If your job was to enable as many gifted children as possible in the shortest period of time, what would you do?
You’d probably look at the most gifted people of the past and try to figure out what they had in common. That’s a sensible place to start.
Let’s take the assortment of geniuses selected by Henrik Karlson in his article “Childhoods of exceptional people.”
A few patterns emerge immediately:
At least two-thirds of them were homeschooled
Most were allowed to roam around aimlessly over many years
Nearly all were mentored 1-on-1
90% did an apprenticeship as teens
They were all naturally gifted but didn’t make a big fuss about it
Great. Those are interesting commonalities and give us clues about how to facilitate gifted kids’ growth.
Let’s compare that formula to how kids who display some talent are treated un traditional schools…
Compared with According to the childhoods of nearly all exceptional people, the school system does everything exactly wrong for talented kids:
Test, measure, and document their performance constantly
Fill up free time that might otherwise be spent exploring ideas
Deprive them of tutoring (that’s for dummies)
Push them straight to college (no apprenticeships or jobs – also for dummies)
Remind them nearly constantly of their “giftedness”
You couldn’t design a more disastrous approach to a gifted education if you were maliciously trying to destroy the potential in kids – and waste the maximum amount of money while you’re at it.
The machine of factory learning collapses in on these kids until it systematically crushes the talent out of them. Then, once they have “gift kid burnout,” the system scratches its head, like, how could this have happened?
We know how it happened. And the kids would have been better off if they hadn’t been identified as “gifted.” At least then, the system wouldn’t have swarmed them and doubled down on its ineffectualness.
There is obviously a better way to do this.
Here’s how to get it right – even if your kid isn’t “gifted.”
Read books at home
Annoyingly simple and maybe even trite, but for good reason. The exceptional kids of the past almost all had parents that were obsessed with books.
Which books? Doesn’t seem ton’t matter. Some of them were experts in Latin, while others dabbled in emerging fields of physics. Some just enjoyed a little poetry after dinner. The important commonality is not the content, it’s the interest itself.
See, books are not just chunks of tree pulp and ink. When they are kept, read, and enjoyed, they are physical manifestations of the world of ideas, an endlessly deep playground.
But, when books given to kids are systematic, preselected, and tested on – they suddenly transform into a prison of anxiety. The depths no longer seem like endless possibilities to explore – suddenly, they feel like an abyss kids can’t escape, no matter how hard they work.
Exceptional people on that list – including Virginia Woolf, Blase Pascal, and John Stuart Mill – had parents that not only had books but also loved to read.
And yet…
Reading is something people always tell you to do, but it seems like no one is doing. The percentage of people who actually read difficult books is very low. But limit the sample to people who will go on to change the world, and suddenly the rate of reading approaches 100%. What accounts for this gap?
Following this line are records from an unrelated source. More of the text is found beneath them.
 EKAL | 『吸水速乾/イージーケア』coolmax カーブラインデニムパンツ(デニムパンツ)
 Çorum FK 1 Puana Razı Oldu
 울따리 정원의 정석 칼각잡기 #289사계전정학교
Reading offers no immediate promise of status or success. To read well, in the way that prepares you for excellence, you must relax, stop striving to be better than your peers, and enjoy exploring ideas.
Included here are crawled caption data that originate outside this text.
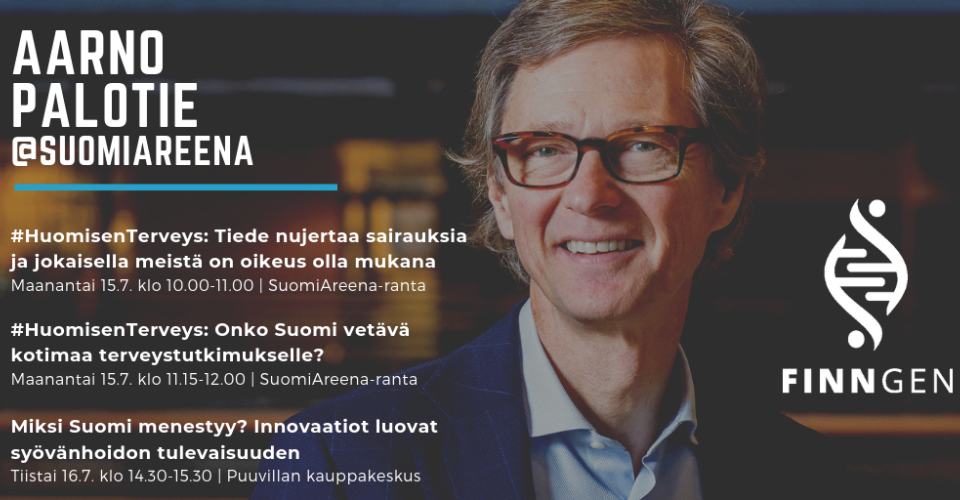 Medicinsk forskning framme på SuomiAreena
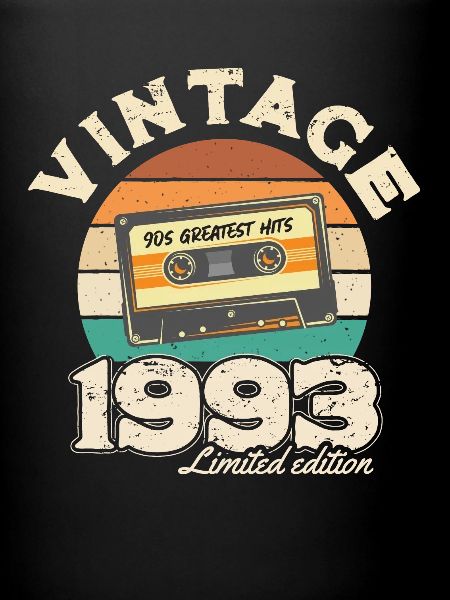 1993 Cassette rétro sunset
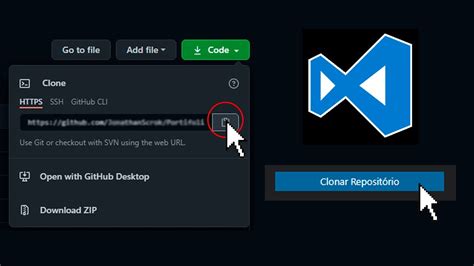 Como clonar um repositório no Visual Studio Code How to clone a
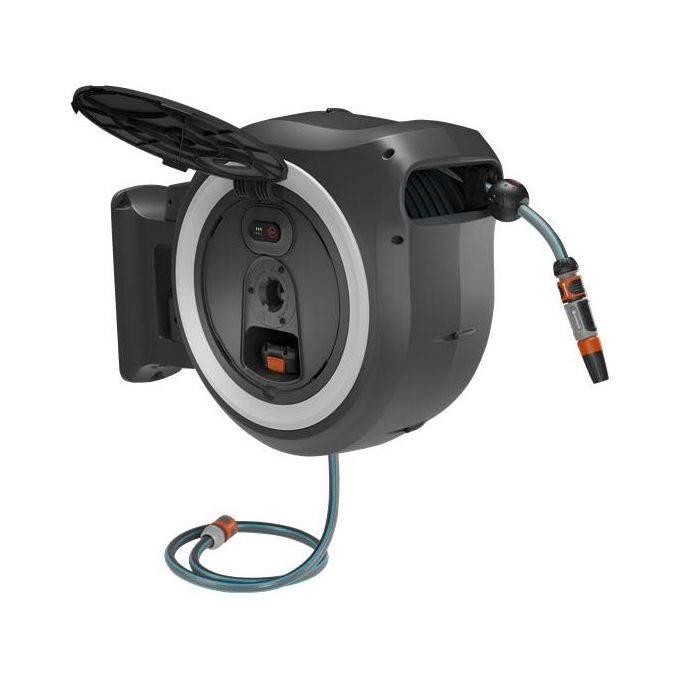 Gardena Avvolgitubo a Parete Batteria Powerroll Xxl 18V 40mt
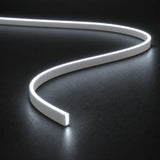 UK LED Lights FreeCut mini neon flex 4x10mm 6000K cool white — illuminated close-up product illustration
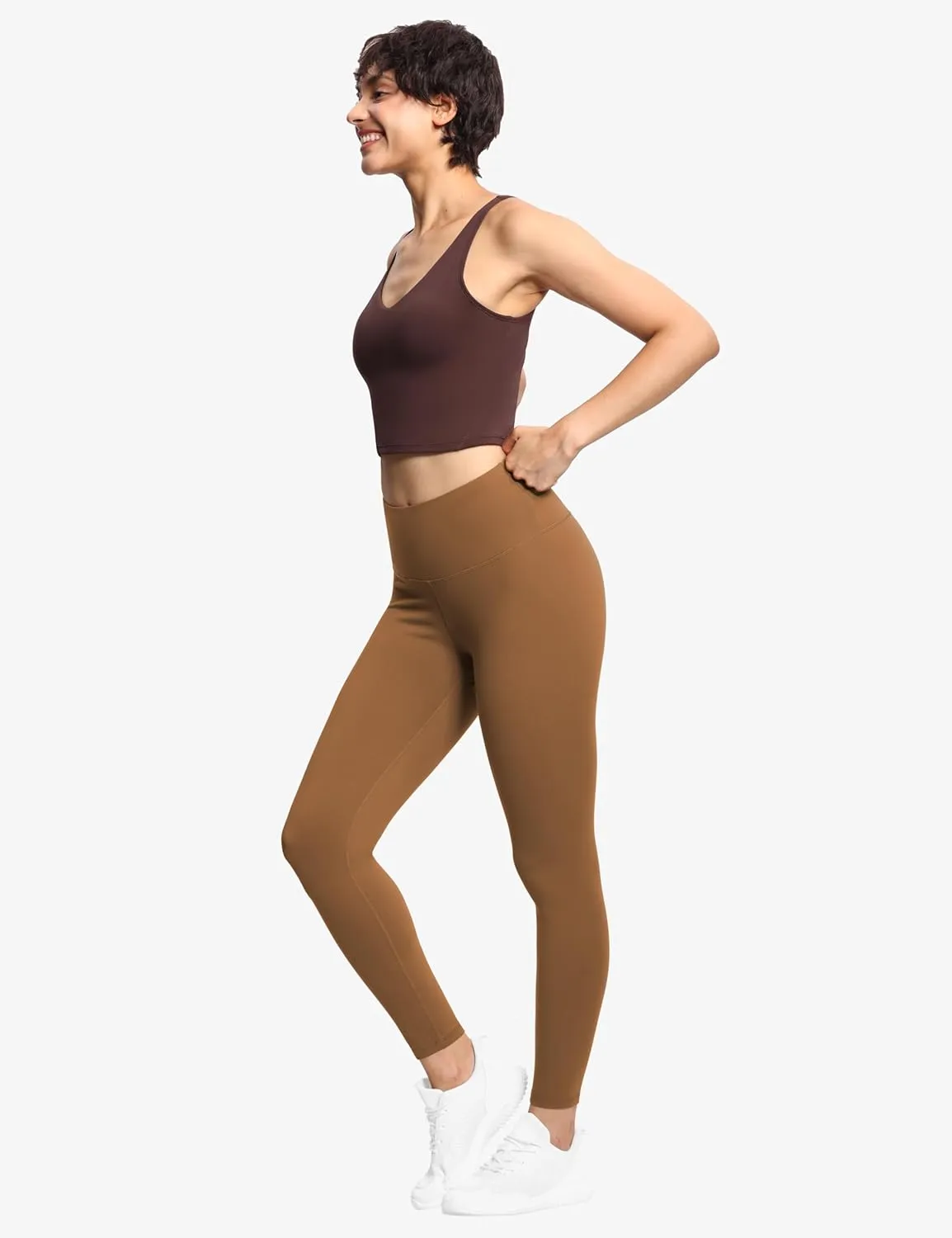 THE GYM PEOPLE Women's High Waist Workout Legging Soft Tummy Control Squat Proof Yoga Running Pants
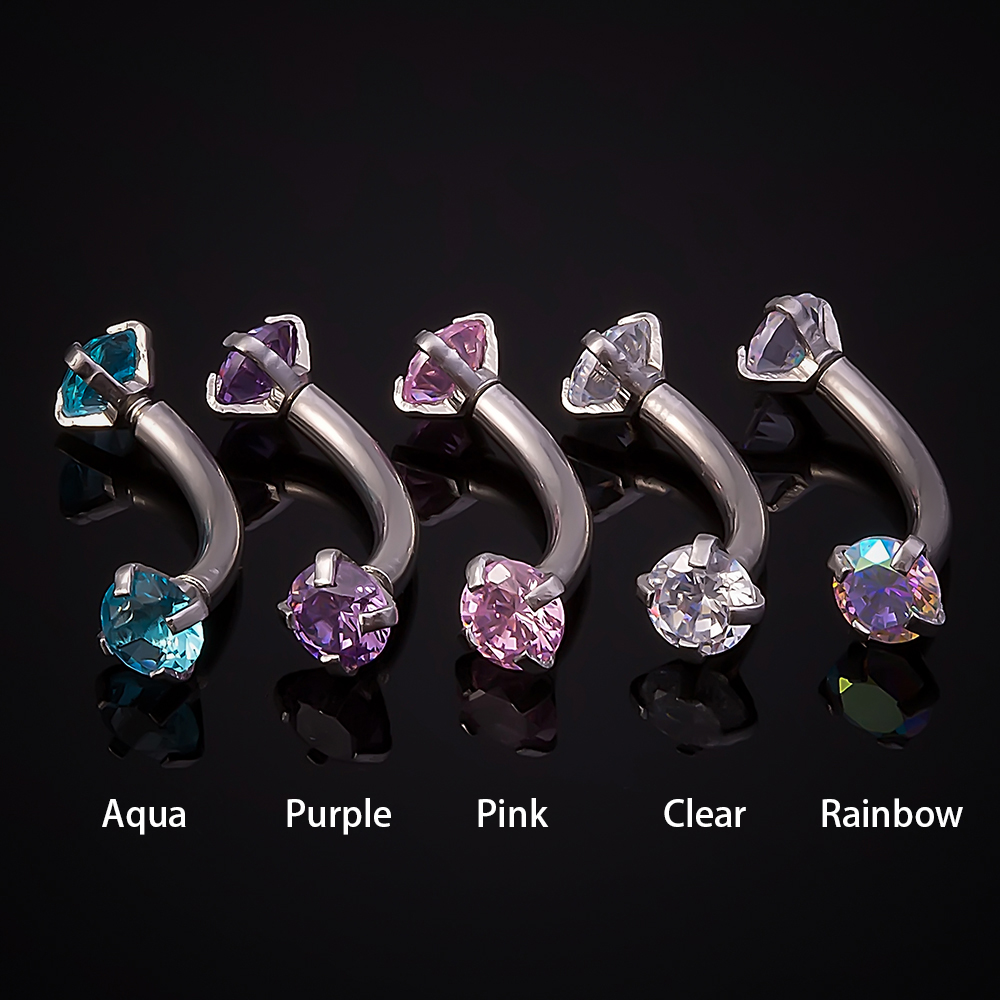 Piercing en Acier Cubique pour - Eyebrow Curved Barbell avis et prix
Basically, the exact opposite of what schools do to gifted students.
Read more, more slowly, and compare less often.
Do not fill their calendar
Even for adults, it’s tempting to fill a calendar to the brim – especially when things are “working.”
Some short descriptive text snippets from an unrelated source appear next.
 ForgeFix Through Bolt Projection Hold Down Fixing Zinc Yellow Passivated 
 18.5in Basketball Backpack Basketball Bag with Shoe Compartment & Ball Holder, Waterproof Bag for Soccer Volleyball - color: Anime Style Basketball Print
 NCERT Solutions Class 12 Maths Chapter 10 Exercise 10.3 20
But many good things in every life aren’t marked on calendars. Good often comes from exploration outside of timeframes.
Busy schedules and obligations can be helpful when they facilitate exploration, but tyrannical when your entire day becomes colorful boxes to power through, hour by hour.
Resist the urge to fill up your kid's calendars – gifted or not – to impress someone else (recruiter for a college, their peers, or an anxious in-law).
Instead, let your kid have as much unstructured time as possible between the structured moments of their life.
The moments of freedom between obligations are where kids make powerful discoveries – about themselves, their lives, or an idea that might change the entire world.
Recruit 1-on-1 mentors
You might ask yourself, “How can I find/afford a 1-on-1 mentor for my kids?”
If you can, that’s great. According to history, it’s highly recommended.
Mentors might be paid coaches, facilitated by alternative schooling programs. Or they might be slightly older kids. Or your kid could write letters to people they admire.
But there is a powerful alternative.
Let them explore the internet on their own, and find people who’re on fire for ideas. When kids dive deep into courses, videos, lectures, and interactive programs the structure of the internet itself is a tutor. Mind that algorithm: it’s constantly evolving the way it interacts with your kids, depending on their interests.
This won’t be the outcome, however, if their days are filled with learning they don’t want to be doing. That’s the real reason we have an epidemic of mindless content online: escapism. It’s not the internet’s fault – it’s the schools’ fault.
Mindless is not how it has to be – and many people are already proving this. Some of the most incredible content creators in the world are putting out everything they know, mostly for free, ready for your kid to interact with at their own pace. Some will binge an entire course in astronomy in one evening, and others will learn French literature over the course of a year.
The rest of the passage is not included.